Eu sempre pego a estrada do matadouro quando vou para Baependi, ou quando a estrada de cima está enlameada demais.
As carcaças estão sempre lá. Penduradas pelos ganchos nos tubos de metal. Novas carcaças, outras carcaças. Às vezes, paro o carro e as fico vendo vermelhas, os ossos das costelas definidos, a escorrer sua trilha de sangue. E se fossemos nós, penso, gente dependurada? E se fosse futuro e não houvesse mais alimento no planeta e as boiadas de seres humanos estivessem aguardando no curral para serem esquartejadas? É certo que viriam das regiões mais pobres do Brasil. Teriam a carne dura, crestada pela fadiga, ou viriam da África, e de outros países do terceiro e do quarto mundo. Mas não para o matadouro municipal do Carlinhos. Acredito que a carne daqui viria do sertão do norte e nordeste do Brasil e talvez de Pirapora, onde compram o gado bem barato, Teófilo Otoni, Pedras Azuis, sei lá! Será que todos comeríamos desta carne? E se não mais houvessem verduras, nem raízes. O que seria dos vegetarianos e macrobióticos?
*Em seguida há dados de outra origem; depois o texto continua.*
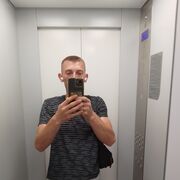 ���������� �������, ���� ������� �������, 29 ���, ������������ ��� c�������� ���������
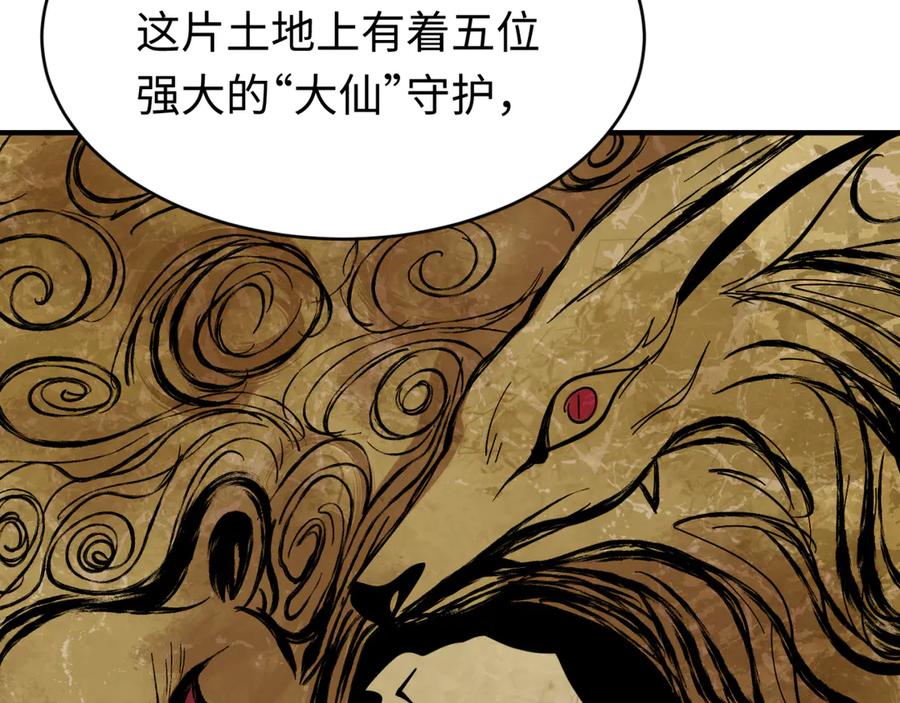 全球诡异时代 第291话 北原篇-北原仙家！ 第15页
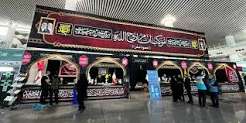 بانک دی با برپایی موکب «عمود صفر» در ترمینال سلام، میزبان زائران اربعین حسینی شد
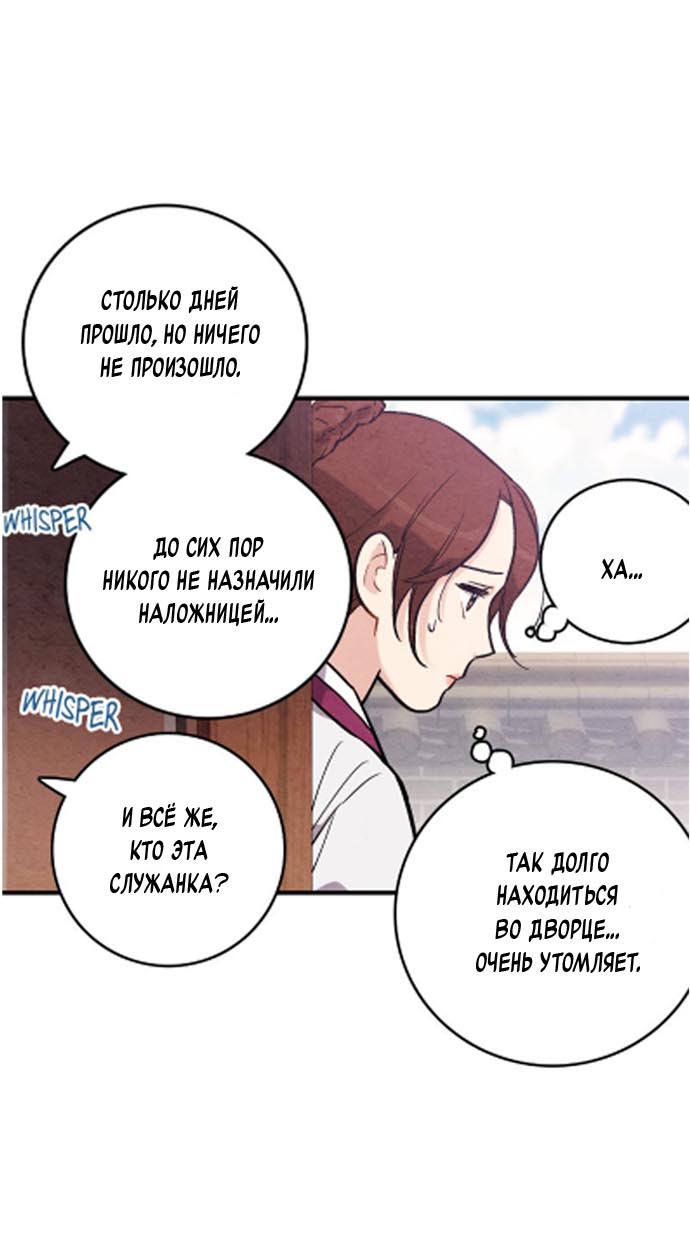 Манга Муж и жена — одна сатана - Глава 45 Страница 40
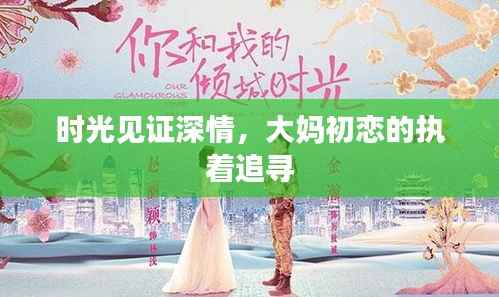 时光见证深情，大妈初恋的执着追寻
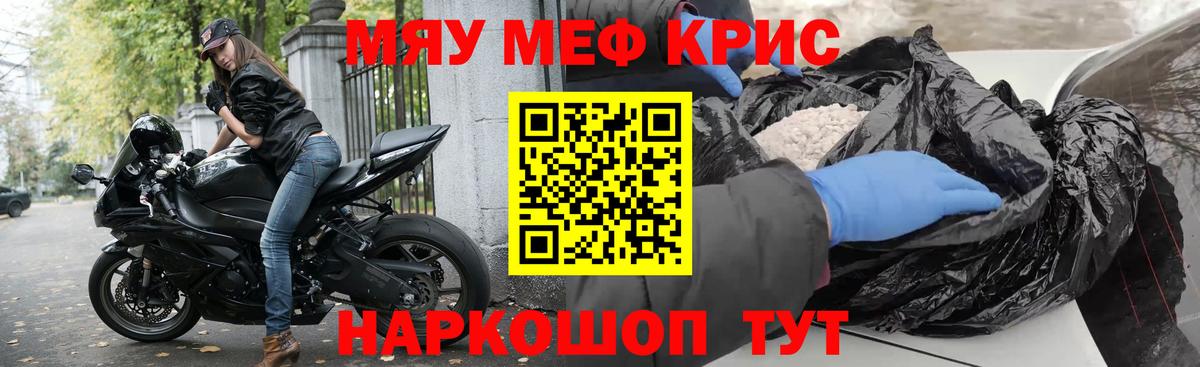 МЕФ  Павловский Посад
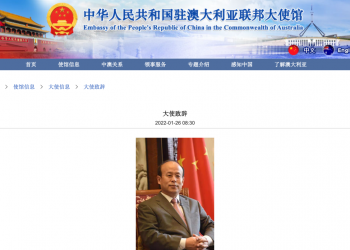 新任中国驻澳大使肖千到任　冀中澳关系之路越走越宽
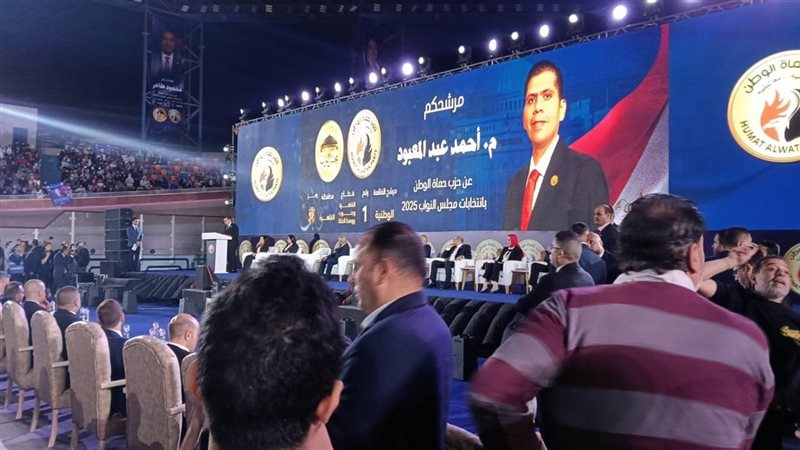 جانب من المؤتمر 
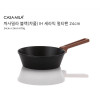 [km][까사밀라] 인덕션 (IH) 궁중팬 24cm 블랙(차콜)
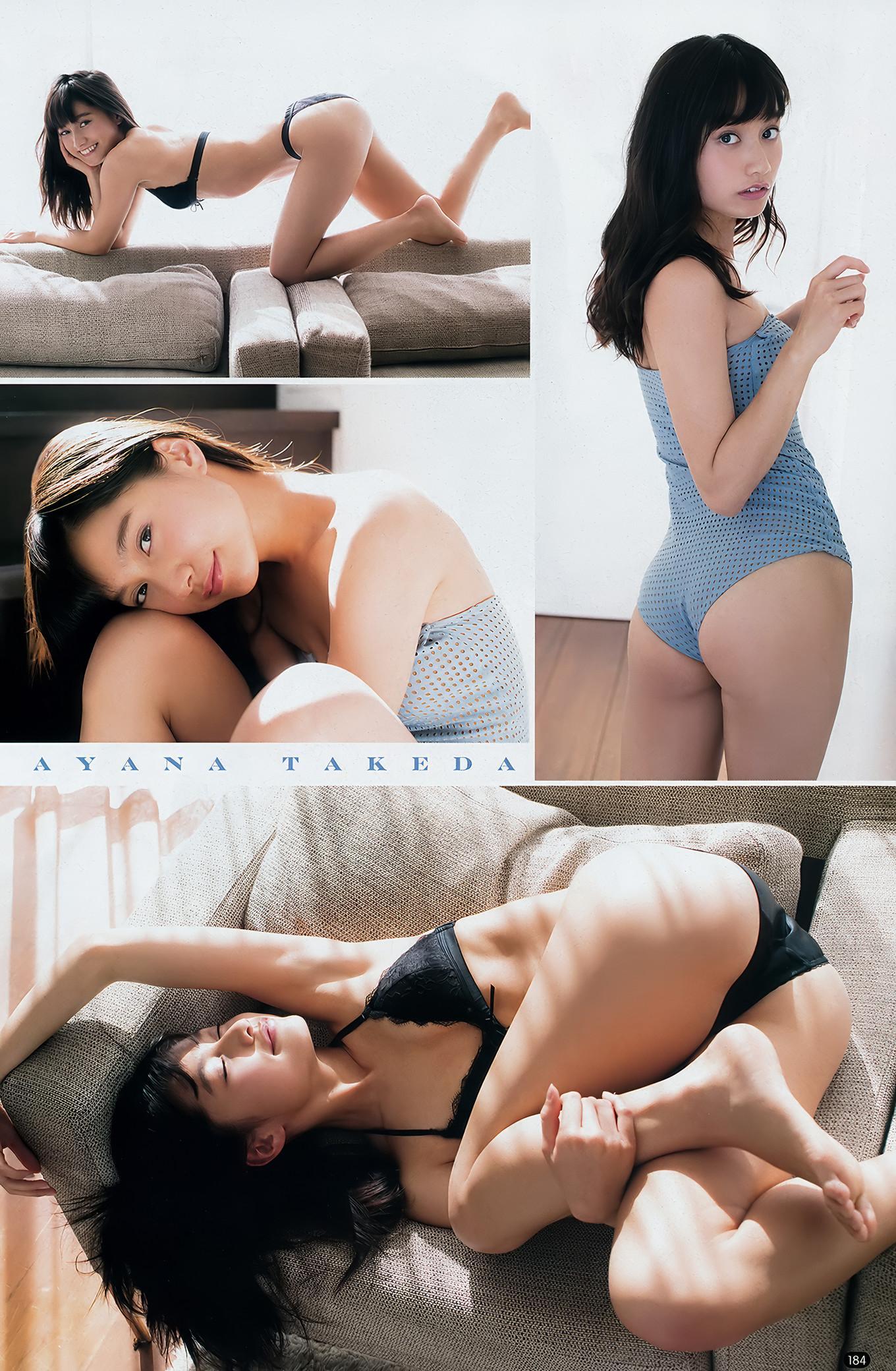 Reona Matsushita 松下玲緒菜, Young Champion 2018 No.09 (ヤングチャンピオン 2018年9号)(13)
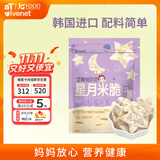 艾唯倪（ivenet）韩国原装进口米脆米饼 宝宝儿童零食无额外添加盐糖磨牙棒饼干30g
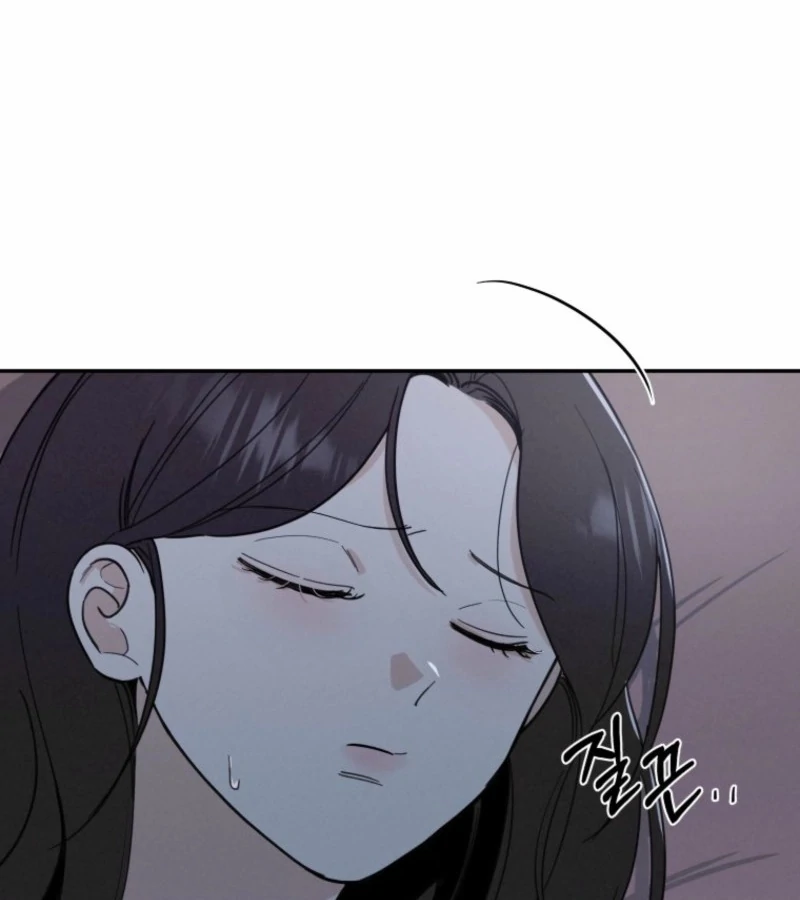 Another Woman’s Man Chapter 21 - Page 23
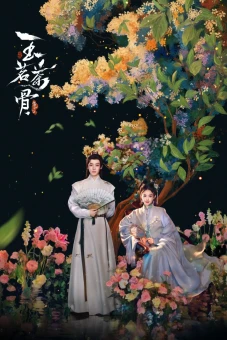 Ngọc Minh Trà Cốt (Glory)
Aí me lembro que o futuro é agora. Que não existe alimento para todas as pessoas do planeta. Que a maioria morre de fome e vive se esvaindo de pura inanição. Que a morte por desnutrição é hábito de cada segundo. E com desperdício. As carcaças das crianças mortas ou dos adultos não são aproveitadas para saciar a fome dos que ficam se esvaindo de pura inanição. Por falta de recursos para o enterro algumas são enterradas no fundo dos quintais, onde os predadores se aproveitam dos dejetos, abandonadas aos vermes e aos urubús.
Aí tenho uma recaída do meu medo. Volto para trás, como eles dizem aqui e fico trancado dentro de casa por dias e dias, dias e dias. Até que a emoção esquece, eu esqueço, mas antes juro que nunca mais passarei pelo matadouro. E esqueço também. O fascínio me leva a parar lá de novo e ficar olhando as carcaças escorrendo sangue, recém abatidas.

-Vou te contar uma coisa, me disse Carlinhos. É vérico, como falava meu pai. Durante muitos anos procurei por uma Maria, de l7 anos e virgem. Não dei sorte. O tesouro não era para ser meu. Quando a vontade foi fraquejando, quando a saudade da casa de minha mãe se tornou quase que uma doença, voltei. Vi que já estava na hora de casar. Ter mulher, uma casa e filhos. Meu pai, coitado, já era muito idoso. Aí, com o prestígio dele consegui o cargo de delegado municipal para mim. Naquele tempo podia! Não precisava ser advogado nem ter muito estudo. Fiquei mais de vinte anos no cargo. Quando a lei mudou e tive de sair da polícia, montei o matadouro. E aqui estou. Aqui estamos. Sua doença trouxe você pra cá e ficamos amigos. Você reencarnando o tropeiro Simão. E eu não sei reencarnando quem. Só nos falta agora uma Maria e vontade de cavar o tesouro. Se a gente achar vou comprar uma Cheroquee.
-Não tenho gana de ouro não Carlinhos. Tenho o que quero. Não mais.
-Cada cabeça cada sentença, já dizia meu pai. Eu ainda quero o ouro. Só perdi a gana de cavar! Coragem pra matar eu tenho. Tô no fim da vida. Mal consigo sobreviver com esse governo tomando tudo o que a gente constrói. Eu quero, quero sim, o ouro.